Regulations of the Office of Thrift Supervision ("OTS") require each
savings institution to maintain, for each calendar month, an average daily
balance of liquid assets equal to at least 5% of the average daily balance of
its net withdrawable accounts plus short-term borrowings during the preceding
calendar month. OTS regulations also require each savings institution to
maintain, for each calendar month, an average daily balance of short-term
liquid assets (generally those having maturities of 12 months or less) equal
to at least 1% of the average daily balance of its net withdrawable accounts
plus short-term borrowings during the preceding calendar month. For September
1995 the average liquidity and average short-term liquidity ratios of Home
Savings were 9.26% and 5.93%, respectively.
Sources of additional liquidity consist primarily of positive cash flows
generated from operations, the collection of principal payments and
prepayments on loans and MBS and increases in deposits and borrowings.
Positive cash flows are also generated through the sale of MBS, loans and
other assets for cash. Sources of borrowings may include borrowings from the
FHLB, commercial paper and public debt issuances, borrowings under reverse
repurchase agreements, commercial bank lines of credit and, under certain
conditions, direct borrowings from the Federal Reserve System. The principal
sources of cash inflows during the first nine months of 1995 were principal
payments and prepayments on loans and MBS, proceeds from short-term borrowings
and proceeds from sales of loans and MBS.
Each of the Company's sources of liquidity is influenced by various
uncertainties beyond the control of the Company. Scheduled loan payments are
a relatively stable source of funds, while loan prepayments and deposit flows
vary widely in reaction to market conditions, primarily market interest rates.
Asset sales are influenced by general market interest rates and other
unforeseeable market conditions. The Company's ability to borrow at
attractive rates is affected by its size, credit rating, the availability of
acceptable collateral and other market-driven conditions.

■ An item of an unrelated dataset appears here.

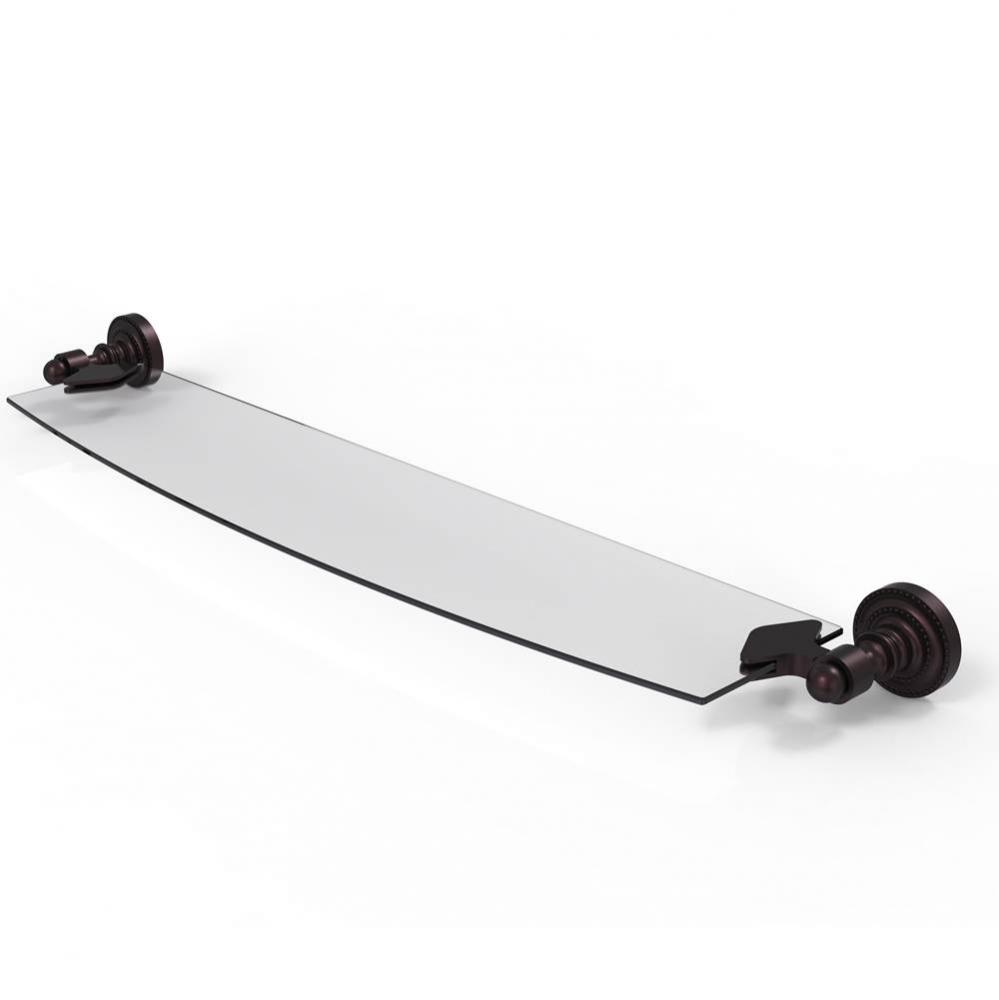 Dottingham Collection 24 Inch Glass Shelf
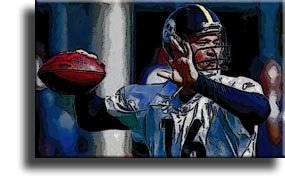 Completely Handpainted American Football Sport Painting, Custom Order FL4137, Oil on Canvas, with Option to Paint Jerry, Brett & Co. from Any Other Favorite Photograph or Picture, Unframed, Size 20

In order to manage the uncertainty inherent in its sources of funds, the
Company continually evaluates alternate sources of funds and maintains and
develops diversity and flexibility in the number and character of such
sources. The effect of a decline in any one source of funds generally can be
offset by use of an alternate source, although potentially at a different cost
to the Company.
<PAGE>
LOANS RECEIVABLE. The Company's primary use of cash, excluding the New
York sale, has been to fund internally generated mortgage loans. During the
first nine months of 1995 cash of $4.6 billion was used to originate loans.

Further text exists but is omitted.